The Community Design Collaborative in the Philadelphia Context

The Community Design Collaborative in the Philadelphia Context

Founded two decades ago, the Community Design Collaborative has traditionally focused on 1) providing pro bono pre-development design services to under-resourced nonprofit organizations, 2) offering unique volunteer opportunities for design professionals, and 3) raising awareness about the importance of design in community revitalization. The Collaborative believes that early design assistance is a critical step in envisioning a better future for neighborhoods, and that little funding is available in the nonprofit sector for this stage of the development process. Understanding that many nonprofits cannot afford design services on their own, the Collaborative’s primary niche during most of its history has been to link nonprofits with the services of volunteer architects.
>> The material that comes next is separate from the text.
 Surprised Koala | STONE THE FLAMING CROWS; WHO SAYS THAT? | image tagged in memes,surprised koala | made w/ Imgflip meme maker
Twenty years later, the context has shifted in our region. Philadelphia has re-emerged as a vigorous city with a higher valuing of the role of good design in creating sustainable, livable communities. Many factors have contributed to this growing consideration of design. The region’s rich set of higher education design schools and an active community of local design professionals have generated a robust dialogue about the value of design. Penn Praxis, the Preservation Alliance, and the Design Advocacy Group are new, strong voices for quality design, each with its unique perspective. The William Penn Foundation’s recent leadership has also been important, as has good journalistic coverage on relevant design issues. In parallel, the Collaborative has played a significant role in shining a light on the importance of quality design in reimagining and creating thriving affordable neighborhoods.

The field of community development has also shifted since the Collaborative’s founding. Twenty years ago, community development was still primarily bricks and mortar, and project-based—largely focused on grassroots housing and commercial development undertaken by neighborhood-based community development corporations. At that time, the field was just beginning to move toward more comprehensive methods that incorporated social capital approaches into physical development strategies. After reflecting on the slow pace of neighborhood change, even after large investments of resources, the community development field today has shifted its approach. Like other social sector fields trying to increase scale, impact, and sustainability, community development has embraced collective action strategies that include cross-system alignment and policy change. Community development has also moved from a neighborhood to a regional frame.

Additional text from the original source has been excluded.